In addition, BT expects to take an impairment charge against certain of its other investments, including AT&T Canada, in its half year results to 30 September 2001, totalling approximately £500 million. BT’s investment in AT&T Canada is discussed in more detail in the shareholder circular.
BT expects to complete a sale and leaseback property transaction by 31 December 2001, under which it expects to receive proceeds of approximately £2.3 billion. The Board now expects to reduce net debt to between £15 billion and £17 billion at 31 March 2002 on the assumption that the property sale and leaseback transaction has been completed.
Dividends
The Board has decided that there will be no interim dividend for the year ending 31 March 2002. The board of BT Group plc expects to recommend a final dividend for the BT Group in respect of the year ending 31 March 2002 and to resume regular dividend payments thereafter. However, the level of dividends which BT Group expects to pay is likely to be substantially lower than that paid by BT previously.
mmO2 plc
mmO2 plc will be made up of BT Cellnet, Digifone (formerly known as Esat Digifone), Telfort Mobiel, Viag Interkom, Manx Telecom and Genie. It is a leading player in the European mobile market and is expected to be a member of the FTSE 100 in the UK. The company has a strong European footprint of wholly owned businesses comprising established mobile operations in the UK and Ireland, and rapidly growing businesses in Germany and the Netherlands.
mmO2 plc serves more than 16 million mobile customers in the UK, Germany, Ireland, the Netherlands and the Isle of Man. Together, these markets represent a total population of more than 160 million people. mmO2 plc is a leader in mobile data and Internet in Europe and is well positioned for GPRS and UMTS success.

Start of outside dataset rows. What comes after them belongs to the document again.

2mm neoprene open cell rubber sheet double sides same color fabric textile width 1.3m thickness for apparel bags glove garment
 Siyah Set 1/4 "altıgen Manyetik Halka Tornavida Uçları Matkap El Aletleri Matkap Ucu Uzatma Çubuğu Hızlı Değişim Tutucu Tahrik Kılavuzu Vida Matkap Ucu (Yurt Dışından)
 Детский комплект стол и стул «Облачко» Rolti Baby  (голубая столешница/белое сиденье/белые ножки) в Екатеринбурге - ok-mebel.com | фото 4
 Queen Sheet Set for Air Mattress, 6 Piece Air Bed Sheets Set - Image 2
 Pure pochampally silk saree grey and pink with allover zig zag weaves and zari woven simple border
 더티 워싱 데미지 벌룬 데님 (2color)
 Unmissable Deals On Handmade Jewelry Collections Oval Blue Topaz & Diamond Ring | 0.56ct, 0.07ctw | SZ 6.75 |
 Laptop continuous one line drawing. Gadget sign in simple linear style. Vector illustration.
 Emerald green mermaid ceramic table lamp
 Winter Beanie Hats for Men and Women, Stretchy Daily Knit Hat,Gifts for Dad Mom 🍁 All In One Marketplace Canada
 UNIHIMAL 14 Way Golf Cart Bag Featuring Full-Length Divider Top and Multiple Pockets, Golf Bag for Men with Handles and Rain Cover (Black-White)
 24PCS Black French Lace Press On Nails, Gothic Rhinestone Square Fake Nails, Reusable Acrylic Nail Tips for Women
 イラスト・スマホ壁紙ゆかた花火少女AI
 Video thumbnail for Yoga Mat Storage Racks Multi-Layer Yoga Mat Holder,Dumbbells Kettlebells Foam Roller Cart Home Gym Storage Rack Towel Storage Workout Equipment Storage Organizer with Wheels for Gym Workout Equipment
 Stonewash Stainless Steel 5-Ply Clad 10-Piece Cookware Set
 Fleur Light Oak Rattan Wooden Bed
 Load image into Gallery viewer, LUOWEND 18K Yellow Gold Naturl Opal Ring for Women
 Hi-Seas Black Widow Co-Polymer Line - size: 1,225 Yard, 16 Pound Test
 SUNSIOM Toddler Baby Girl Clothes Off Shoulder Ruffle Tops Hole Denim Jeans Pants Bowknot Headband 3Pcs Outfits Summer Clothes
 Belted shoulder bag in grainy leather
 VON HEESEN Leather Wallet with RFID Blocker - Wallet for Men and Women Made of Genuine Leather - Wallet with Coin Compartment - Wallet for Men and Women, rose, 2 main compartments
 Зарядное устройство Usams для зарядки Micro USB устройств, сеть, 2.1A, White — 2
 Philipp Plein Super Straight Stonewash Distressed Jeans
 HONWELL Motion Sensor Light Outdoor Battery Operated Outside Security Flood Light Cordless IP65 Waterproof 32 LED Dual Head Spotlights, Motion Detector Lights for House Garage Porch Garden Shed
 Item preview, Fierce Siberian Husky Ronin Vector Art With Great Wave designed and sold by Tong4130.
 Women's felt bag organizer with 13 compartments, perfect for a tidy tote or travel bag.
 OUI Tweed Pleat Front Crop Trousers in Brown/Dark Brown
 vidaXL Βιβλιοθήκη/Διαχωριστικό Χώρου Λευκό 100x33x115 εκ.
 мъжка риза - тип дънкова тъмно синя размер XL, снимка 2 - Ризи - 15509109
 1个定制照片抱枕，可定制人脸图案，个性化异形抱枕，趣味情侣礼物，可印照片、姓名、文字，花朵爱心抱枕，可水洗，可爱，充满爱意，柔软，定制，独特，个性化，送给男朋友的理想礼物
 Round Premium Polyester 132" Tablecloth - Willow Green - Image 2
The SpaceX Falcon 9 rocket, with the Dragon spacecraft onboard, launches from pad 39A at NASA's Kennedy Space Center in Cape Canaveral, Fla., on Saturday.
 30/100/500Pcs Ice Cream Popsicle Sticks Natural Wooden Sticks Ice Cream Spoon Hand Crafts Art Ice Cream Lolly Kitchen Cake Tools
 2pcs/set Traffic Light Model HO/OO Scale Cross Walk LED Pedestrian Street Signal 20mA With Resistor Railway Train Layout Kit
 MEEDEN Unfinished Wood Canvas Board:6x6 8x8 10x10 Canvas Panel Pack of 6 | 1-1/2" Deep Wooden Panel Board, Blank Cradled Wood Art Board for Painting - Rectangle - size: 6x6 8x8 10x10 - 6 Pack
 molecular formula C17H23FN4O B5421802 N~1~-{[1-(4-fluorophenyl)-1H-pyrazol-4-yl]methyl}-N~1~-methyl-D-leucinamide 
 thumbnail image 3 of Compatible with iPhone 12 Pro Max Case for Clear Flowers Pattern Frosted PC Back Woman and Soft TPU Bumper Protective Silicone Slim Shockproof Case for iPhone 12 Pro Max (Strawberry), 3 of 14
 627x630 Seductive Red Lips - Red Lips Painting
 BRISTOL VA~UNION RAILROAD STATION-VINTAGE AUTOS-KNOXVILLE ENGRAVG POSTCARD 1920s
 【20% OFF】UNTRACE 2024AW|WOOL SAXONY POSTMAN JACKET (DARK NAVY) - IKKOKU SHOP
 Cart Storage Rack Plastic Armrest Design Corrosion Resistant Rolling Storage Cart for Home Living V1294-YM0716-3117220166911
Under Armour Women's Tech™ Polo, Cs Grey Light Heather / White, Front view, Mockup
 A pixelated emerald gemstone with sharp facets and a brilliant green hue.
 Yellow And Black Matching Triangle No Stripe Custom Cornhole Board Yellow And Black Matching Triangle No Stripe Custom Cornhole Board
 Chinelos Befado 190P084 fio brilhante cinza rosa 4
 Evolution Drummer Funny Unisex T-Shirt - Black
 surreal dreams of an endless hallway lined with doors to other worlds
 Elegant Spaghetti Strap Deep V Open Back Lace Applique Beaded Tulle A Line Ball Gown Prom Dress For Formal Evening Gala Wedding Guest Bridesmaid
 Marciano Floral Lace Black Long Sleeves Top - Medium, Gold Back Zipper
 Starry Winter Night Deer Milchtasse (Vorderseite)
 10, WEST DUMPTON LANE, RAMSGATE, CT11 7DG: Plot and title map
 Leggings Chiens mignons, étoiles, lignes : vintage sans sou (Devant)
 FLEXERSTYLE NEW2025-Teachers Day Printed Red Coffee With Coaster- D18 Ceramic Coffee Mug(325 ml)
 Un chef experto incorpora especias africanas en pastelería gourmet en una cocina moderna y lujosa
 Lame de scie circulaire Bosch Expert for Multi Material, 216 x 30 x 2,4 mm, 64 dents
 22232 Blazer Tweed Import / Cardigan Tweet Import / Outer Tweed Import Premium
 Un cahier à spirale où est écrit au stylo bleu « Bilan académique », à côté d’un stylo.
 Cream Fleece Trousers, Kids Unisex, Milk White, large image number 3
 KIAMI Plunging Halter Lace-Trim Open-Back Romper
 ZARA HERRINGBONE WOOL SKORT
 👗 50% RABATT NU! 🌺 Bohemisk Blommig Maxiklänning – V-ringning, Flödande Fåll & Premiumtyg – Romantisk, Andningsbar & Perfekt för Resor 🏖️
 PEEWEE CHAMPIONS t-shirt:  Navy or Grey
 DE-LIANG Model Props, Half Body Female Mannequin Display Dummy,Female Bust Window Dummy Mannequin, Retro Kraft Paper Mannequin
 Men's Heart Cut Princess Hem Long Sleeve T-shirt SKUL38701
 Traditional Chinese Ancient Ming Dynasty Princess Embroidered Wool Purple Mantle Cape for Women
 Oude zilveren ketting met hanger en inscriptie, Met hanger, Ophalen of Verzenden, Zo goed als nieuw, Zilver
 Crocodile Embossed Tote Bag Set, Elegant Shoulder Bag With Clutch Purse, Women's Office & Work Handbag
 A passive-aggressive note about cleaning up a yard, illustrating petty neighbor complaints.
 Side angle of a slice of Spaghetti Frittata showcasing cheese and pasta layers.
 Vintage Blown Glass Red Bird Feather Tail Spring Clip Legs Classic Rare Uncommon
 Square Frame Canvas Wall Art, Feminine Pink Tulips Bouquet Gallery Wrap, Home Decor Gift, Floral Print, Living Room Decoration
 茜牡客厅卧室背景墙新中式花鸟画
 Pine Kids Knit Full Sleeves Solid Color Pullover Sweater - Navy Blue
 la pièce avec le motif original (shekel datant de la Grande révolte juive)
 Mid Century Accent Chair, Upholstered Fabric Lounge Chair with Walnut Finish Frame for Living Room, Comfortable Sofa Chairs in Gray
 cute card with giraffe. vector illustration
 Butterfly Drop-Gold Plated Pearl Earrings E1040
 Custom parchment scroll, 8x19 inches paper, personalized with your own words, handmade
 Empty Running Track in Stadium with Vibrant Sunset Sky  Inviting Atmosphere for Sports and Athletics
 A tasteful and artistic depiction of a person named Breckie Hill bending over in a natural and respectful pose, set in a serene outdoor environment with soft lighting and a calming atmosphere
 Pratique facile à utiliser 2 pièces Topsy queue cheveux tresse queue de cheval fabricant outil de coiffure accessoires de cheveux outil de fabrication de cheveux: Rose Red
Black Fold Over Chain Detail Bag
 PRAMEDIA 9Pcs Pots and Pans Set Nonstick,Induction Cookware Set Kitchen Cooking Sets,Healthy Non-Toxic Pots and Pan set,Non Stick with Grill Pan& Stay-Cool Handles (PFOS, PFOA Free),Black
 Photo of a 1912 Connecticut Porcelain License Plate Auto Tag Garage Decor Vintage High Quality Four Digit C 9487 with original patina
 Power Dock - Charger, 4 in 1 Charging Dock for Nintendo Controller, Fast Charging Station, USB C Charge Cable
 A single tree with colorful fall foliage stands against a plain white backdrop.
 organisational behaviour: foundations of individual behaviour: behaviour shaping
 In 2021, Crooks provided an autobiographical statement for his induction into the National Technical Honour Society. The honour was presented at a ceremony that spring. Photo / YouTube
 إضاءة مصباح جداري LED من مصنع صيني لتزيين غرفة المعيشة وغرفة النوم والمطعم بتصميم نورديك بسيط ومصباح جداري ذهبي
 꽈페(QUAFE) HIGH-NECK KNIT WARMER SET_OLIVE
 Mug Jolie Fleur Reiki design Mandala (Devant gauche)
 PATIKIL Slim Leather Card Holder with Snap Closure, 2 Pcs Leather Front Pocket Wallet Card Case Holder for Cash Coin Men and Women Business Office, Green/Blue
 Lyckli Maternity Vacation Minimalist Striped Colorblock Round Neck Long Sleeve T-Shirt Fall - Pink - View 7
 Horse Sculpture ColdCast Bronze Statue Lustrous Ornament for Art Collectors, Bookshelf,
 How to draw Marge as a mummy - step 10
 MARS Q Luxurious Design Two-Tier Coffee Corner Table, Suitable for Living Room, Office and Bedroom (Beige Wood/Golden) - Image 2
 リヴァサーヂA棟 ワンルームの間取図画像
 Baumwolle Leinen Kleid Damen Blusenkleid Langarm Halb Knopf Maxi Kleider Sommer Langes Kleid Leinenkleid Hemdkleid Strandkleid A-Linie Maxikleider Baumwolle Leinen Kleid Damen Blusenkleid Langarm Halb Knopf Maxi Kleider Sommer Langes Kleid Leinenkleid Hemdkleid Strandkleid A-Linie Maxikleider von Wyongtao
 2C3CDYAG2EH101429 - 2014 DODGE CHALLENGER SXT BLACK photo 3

Genie, its mobile Internet portal, is already one of the leading mobile Internet businesses in Europe. mmO2’s strategy is to:
- increase its market share of higher value customers, especially business and high usage individuals and young adults, who have been early adopters of data services
- achieve competitive scale in Germany and the Netherlands
- focus on customer retention through good customer service and network quality
- reduce costs by tight budgetary control and innovative measures, such as the recently announced, network sharing deal with T-Mobile in Germany and One2One in the UK
- exploit opportunities for performance improvement by integration across mmO2 plc, helped by the focus of the new O2 brand.
mmO2 plc has an experienced management team and its growth will be underpinned by its financial flexibility, carrying approximately £500 million of net debt on demerger, and having a funding facility of £3.5 billion to finance the development of its business.
Further information on the demerger
price. Both BT Group shares and mmO2 shares will be traded on the London Stock Exchange and their ADSs will be traded on the New York Stock Exchange. No application is being made for either BT Group shares or mmO2 shares to be listed in Japan.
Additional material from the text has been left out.